On 6 August 2007, he was re-signed on a 12-month deal by new Sheffield United manager Bryan Robson for the upcoming Championship campaign. On 24 January 2008, he signed on loan for Blackpool until the end of the 2007–08 season. On 3 March it was revealed that Gerrard had undergone a knee operation which ended his season prematurely. He was subsequently released by the Blades when his contract expired at the end of the season.

===Stockport County===
After leaving Bramall Lane, he joined Stockport County, but failed to make a competitive appearance for the club.

===Return to Oldham Athletic===
On 5 November 2011, while working as goalkeeping coach at Oldham, he was brought on as a substitute for Alex Cisak, who had been sent off.
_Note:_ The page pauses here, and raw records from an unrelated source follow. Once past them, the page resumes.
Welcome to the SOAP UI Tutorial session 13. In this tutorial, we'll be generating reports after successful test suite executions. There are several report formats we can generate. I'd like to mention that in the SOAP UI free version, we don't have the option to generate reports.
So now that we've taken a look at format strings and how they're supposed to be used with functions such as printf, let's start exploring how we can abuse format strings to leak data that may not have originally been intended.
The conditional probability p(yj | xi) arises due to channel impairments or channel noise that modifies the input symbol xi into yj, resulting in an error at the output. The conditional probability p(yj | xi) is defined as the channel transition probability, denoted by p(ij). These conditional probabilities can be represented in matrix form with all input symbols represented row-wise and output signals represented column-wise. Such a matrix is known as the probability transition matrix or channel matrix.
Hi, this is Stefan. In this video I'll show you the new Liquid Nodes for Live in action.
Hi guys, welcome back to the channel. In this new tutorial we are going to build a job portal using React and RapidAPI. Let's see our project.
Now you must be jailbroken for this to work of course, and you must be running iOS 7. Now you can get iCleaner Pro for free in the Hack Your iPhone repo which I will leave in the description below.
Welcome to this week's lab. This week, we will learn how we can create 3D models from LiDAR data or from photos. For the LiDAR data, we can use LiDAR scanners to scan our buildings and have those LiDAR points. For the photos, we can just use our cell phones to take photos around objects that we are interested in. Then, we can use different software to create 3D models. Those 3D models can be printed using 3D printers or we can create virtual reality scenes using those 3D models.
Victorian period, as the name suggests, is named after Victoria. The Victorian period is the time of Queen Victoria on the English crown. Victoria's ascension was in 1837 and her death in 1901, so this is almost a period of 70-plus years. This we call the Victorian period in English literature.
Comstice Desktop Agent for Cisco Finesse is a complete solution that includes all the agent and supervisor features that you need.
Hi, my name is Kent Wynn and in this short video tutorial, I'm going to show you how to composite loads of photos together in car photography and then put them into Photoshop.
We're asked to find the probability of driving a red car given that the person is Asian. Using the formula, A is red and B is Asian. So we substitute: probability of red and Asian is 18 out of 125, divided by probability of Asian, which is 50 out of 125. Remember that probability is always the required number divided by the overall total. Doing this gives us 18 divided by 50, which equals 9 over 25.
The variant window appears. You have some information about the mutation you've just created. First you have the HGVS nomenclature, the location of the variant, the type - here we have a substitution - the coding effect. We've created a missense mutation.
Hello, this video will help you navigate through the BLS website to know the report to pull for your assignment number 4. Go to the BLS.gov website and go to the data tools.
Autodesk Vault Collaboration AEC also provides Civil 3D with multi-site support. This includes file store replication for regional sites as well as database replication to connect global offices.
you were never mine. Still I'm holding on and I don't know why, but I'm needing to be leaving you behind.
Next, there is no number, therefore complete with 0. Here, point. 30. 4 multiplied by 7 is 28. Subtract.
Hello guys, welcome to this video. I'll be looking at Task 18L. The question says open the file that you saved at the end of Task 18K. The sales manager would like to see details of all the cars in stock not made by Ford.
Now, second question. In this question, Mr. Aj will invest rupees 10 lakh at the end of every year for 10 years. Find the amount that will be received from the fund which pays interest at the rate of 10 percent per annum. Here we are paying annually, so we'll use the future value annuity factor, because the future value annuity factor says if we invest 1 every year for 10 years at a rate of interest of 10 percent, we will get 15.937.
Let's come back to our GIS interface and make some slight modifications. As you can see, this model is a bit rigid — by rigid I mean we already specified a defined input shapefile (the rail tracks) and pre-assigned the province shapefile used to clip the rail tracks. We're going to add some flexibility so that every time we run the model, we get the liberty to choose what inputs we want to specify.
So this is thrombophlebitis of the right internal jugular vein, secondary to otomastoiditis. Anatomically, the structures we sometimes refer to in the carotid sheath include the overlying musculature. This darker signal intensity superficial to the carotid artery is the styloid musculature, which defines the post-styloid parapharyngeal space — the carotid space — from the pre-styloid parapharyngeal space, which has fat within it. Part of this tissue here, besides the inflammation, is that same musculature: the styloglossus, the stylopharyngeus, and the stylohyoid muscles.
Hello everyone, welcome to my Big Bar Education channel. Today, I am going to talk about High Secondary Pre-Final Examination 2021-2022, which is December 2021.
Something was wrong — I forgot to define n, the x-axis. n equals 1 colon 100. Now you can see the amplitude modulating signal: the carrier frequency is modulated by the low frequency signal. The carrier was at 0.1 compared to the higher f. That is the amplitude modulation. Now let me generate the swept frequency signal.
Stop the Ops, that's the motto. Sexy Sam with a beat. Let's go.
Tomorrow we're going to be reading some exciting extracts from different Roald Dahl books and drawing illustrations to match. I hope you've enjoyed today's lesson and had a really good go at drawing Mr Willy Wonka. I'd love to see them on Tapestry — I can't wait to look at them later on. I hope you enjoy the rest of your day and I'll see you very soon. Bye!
Gerrard's first contribution in a competitive match for over two years, and first for Oldham for fifteen years, was to save a penalty. He made his first start in his second spell at the club in the 3–1 victory over Crewe Alexandra, on 8 November 2011.

==International career==
Gerrard never played for England at full international level, but he was capped 18 times by the under-21 side between 1993 and 1996.

==Coaching career==

===Oldham Athletic===
Gerrard was confirmed Oldham Athletic's goalkeeping coach on a part-time basis on 30 June 2010. On 20 August he signed a pay as you play contract to provide cover for number one keeper Dean Brill. In July 2011 he was given a full-time permanent contract as goalkeeping coach. He left Oldham on 21 June 2013, with his former club claiming that he was moving to Doncaster Rovers, following former Oldham boss Paul Dickov.

===Shrewsbury Town===
In July 2010, he was confirmed Shrewsbury Town goalkeeping coach on a part-time basis. This ended in July 2011, when his contract at Oldham was made full-time, with Gavin Ward replacing him in the post.

===Doncaster Rovers===

On 24 June 2013, he was confirmed as the new goalkeeping coach at Doncaster Rovers.

Gerrard left the club on 29 November 2021 by mutual agreement, having worked with seven different managers.

===Carlisle United===

On 24 February 2022, he joined League Two side Carlisle United as their new goalkeeper coach.

From a relegation position, Carlisle retained their League Two status that season, and a successful campaign during the 2022–23 season resulted in a Wembley play-off final promotion to League One. Gerrard left the club by mutual consent at the end of June 2023.

===Peterborough United===

On 2 July 2024, Gerrard was appointed goalkeeper coach at EFL League One side Peterborough United.